Let's say we initially decide to use Picasso. We can now write an implementation for ImageService
which uses Picasso internally:
public class PicassoImageService implements ImageService {
private final Context mContext;
public PicassoImageService(Context context) {
mContext = context;
}
@Override
public Bitmap load(String url) {
return Picasso.with(mContext).load(url).get();
}
}
Pretty straight forward if you ask me. Wrapper around libraries don't have to be complicated to be useful. The interface and the implementation have less than 25 combined lines of code so it was barely any effort to create this, but already we gain something by doing this. See the Context
field in the implementation? The dependency injection framework of your choice will already take care of injecting that dependency before we ever use our ImageService
, your app now does not have to care about how the images are downloaded and whatever dependencies that library may have. All your app sees is an ImageService
and when it needs an image it calls load()
with with an url - simple & straightforward.

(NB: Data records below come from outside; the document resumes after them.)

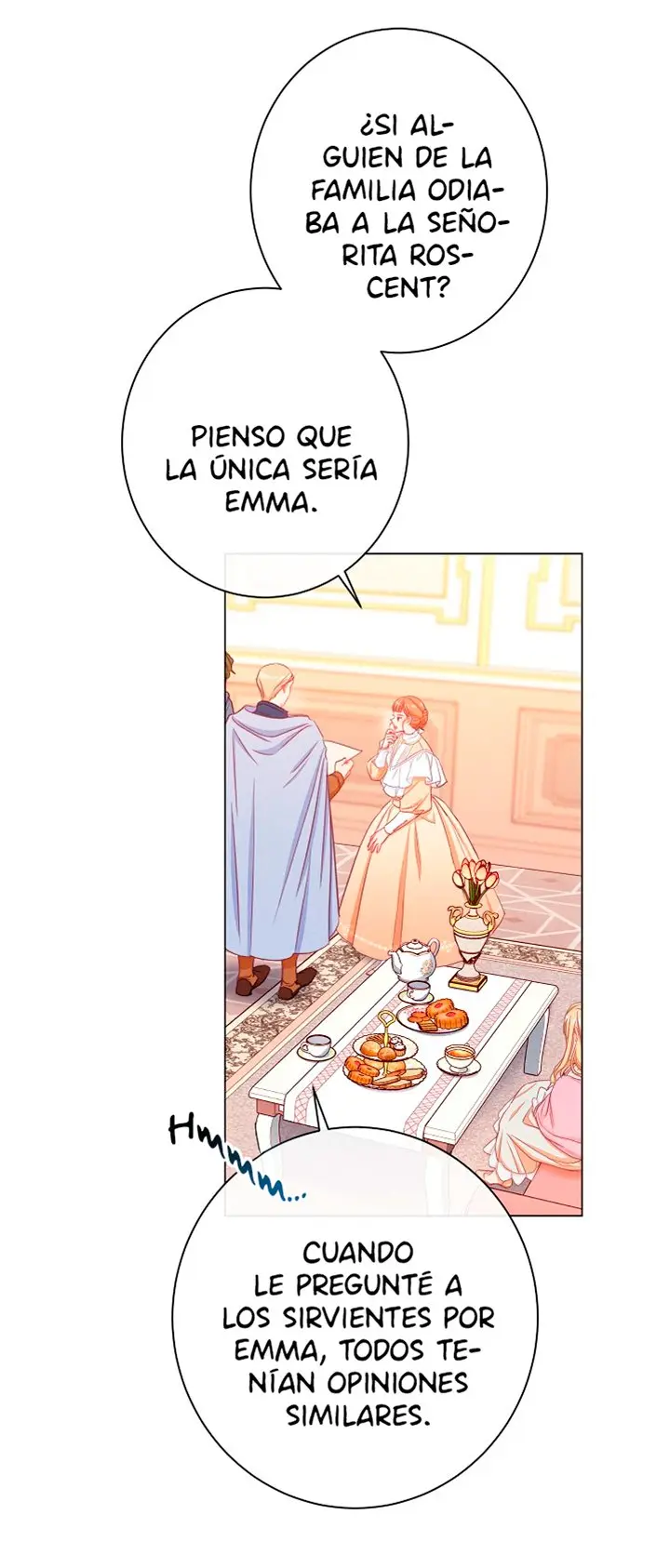 LA VILLANA RETROCEDE EL RELOJ DE ARENA - Capítulo 51 - Página 11 - LectorTMOo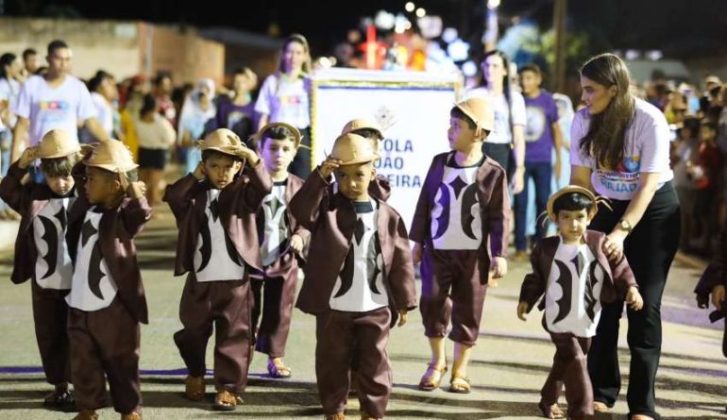 Petrolina (PE): Desfile alegórico vai celebrar aniversário de 93 anos de Rajada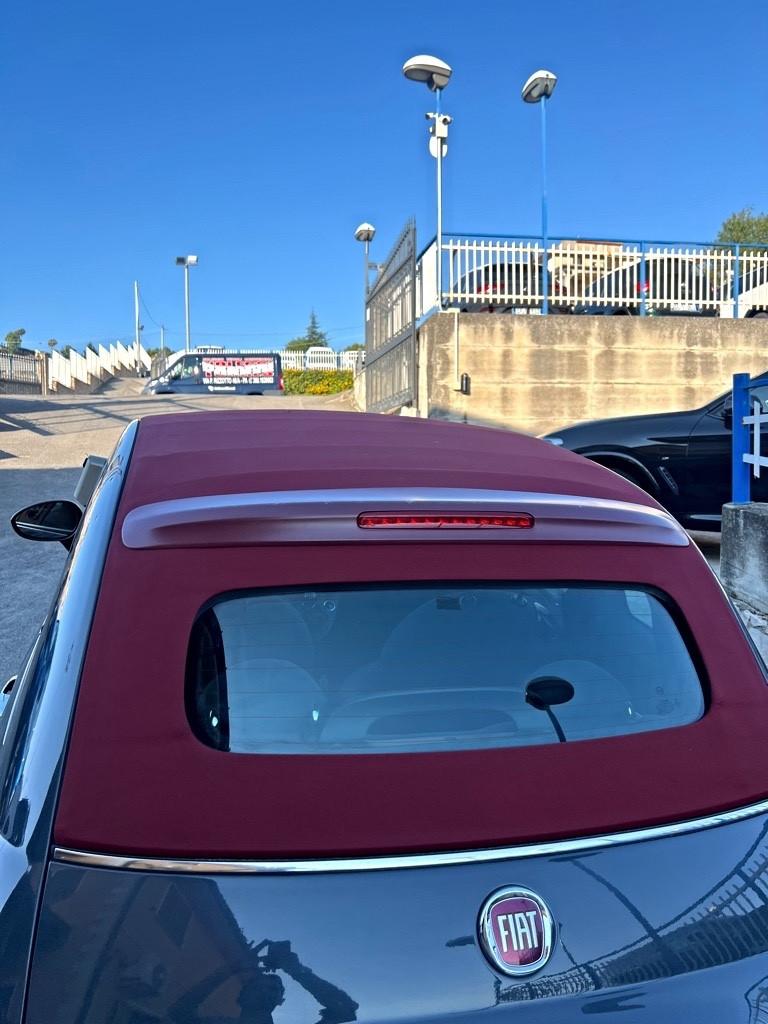 Fiat 500 C 1.0 Hybrid 70cv 2022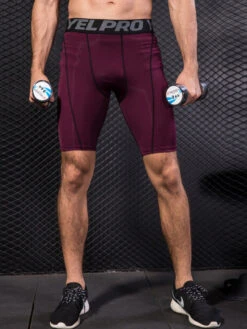 Men's Simple Tight Shorts(Mens Simple Tight Shorts) 22 Men's Simple Tight Shorts(Mens Simple Tight Shorts) -Mr Saker 1 16 63bbd6ee bd8c 4c1e bab8 311253c832b6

However the real benefit comes when we start to change things. Imagine we now need to replace Picasso with Universal Image Loader because Picasso does not support some feature we absolutely need right now. Do we now have to comb through our codebase and and tediously replace all the calls to Picasso and then deal with dozens of compile errors because we forgot to a few Picasso calls? No. All we need to do is create a new implementation of ImageService
and tell our dependency injection framework to use this implementation from now on:
public class UniversalImageLoaderImageService implements ImageService {
private final ImageLoader mImageLoader;
public UniversalImageLoaderImageService(Context context) {
DisplayImageOptions defaultOptions = new DisplayImageOptions.Builder()
.cacheInMemory(true)
.cacheOnDisk(true)
.build();
ImageLoaderConfiguration config = new ImageLoaderConfiguration.Builder(context)
.defaultDisplayImageOptions(defaultOptions)
.build();
mImageLoader = ImageLoader.getInstance();
mImageLoader.init(config);
}
@Override
public Bitmap load(String url) {
return mImageLoader.loadImageSync(url);
}
}
As you can see the implementation might be very different, but it does not matter. We didn't have to change a single line of code anywhere else in our app. We use a completely different library which might have completely different features or might be used very differently but our app just does not care. Same as before the rest of our app just sees the ImageService
interface with its load()
method and however this method is implemented does not matter any more.
At least to me this all already sound pretty nice already, but wait! There's still more. Imagine you are writing unit tests for a class you are working on and this class uses the ImageService
. Of course you can't let your unit tests make network calls to some resource located on some other server but since you are now using the ImageService
you can easily let load()
return a static Bitmap
used for the unit tests by implementing a mocked ImageService
:
public class MockImageService implements ImageService {
private final Bitmap mMockBitmap;
public MockImageService(Bitmap mockBitmap) {
mMockBitmap = mockBitmap;
}
@Override
public Bitmap load(String url) {
return mMockBitmap;
}
}
To summarize by wrapping third party libraries your code base becomes more flexible to changes, overall simpler, easier to test and you reduce the coupling of different components in your software - all things that get more and more important the longer you maintain a software.